◆ What to produce
After finding the line with "Kryt Samsung Galaxy" in the data below, set down exactly each line through the one with "Кіа Niro 2017", inclusive, and stop there.

◆ Input data
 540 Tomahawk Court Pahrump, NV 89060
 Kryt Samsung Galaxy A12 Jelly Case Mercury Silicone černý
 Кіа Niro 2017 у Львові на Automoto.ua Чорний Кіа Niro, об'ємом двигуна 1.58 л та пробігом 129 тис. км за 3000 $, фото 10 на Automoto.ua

--

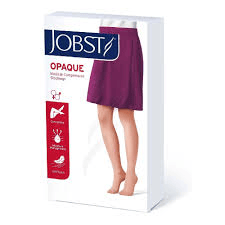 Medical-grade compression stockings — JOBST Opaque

==

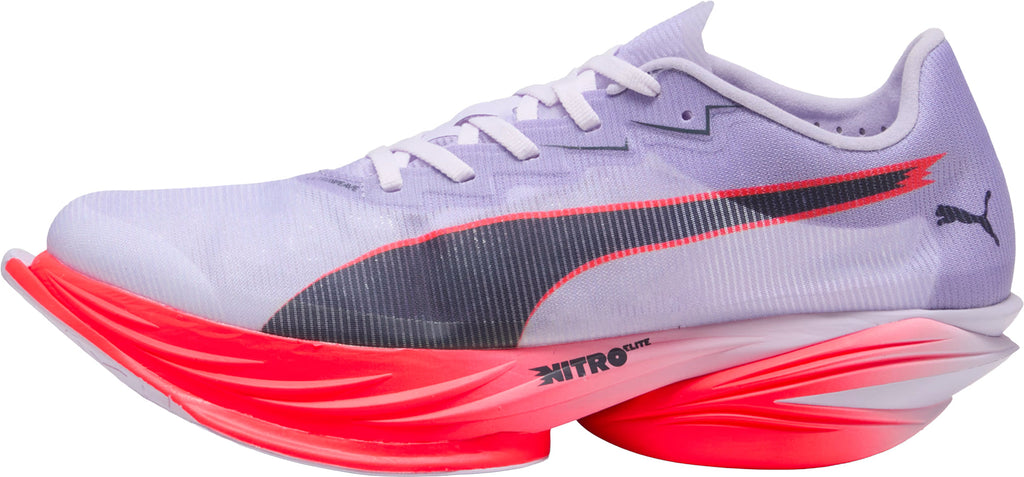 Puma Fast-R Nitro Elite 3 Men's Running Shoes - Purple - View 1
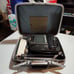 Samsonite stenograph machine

◆ Task output
 Kryt Samsung Galaxy A12 Jelly Case Mercury Silicone černý
 Кіа Niro 2017 у Львові на Automoto.ua Чорний Кіа Niro, об'ємом двигуна 1.58 л та пробігом 129 тис. км за 3000 $, фото 10 на Automoto.ua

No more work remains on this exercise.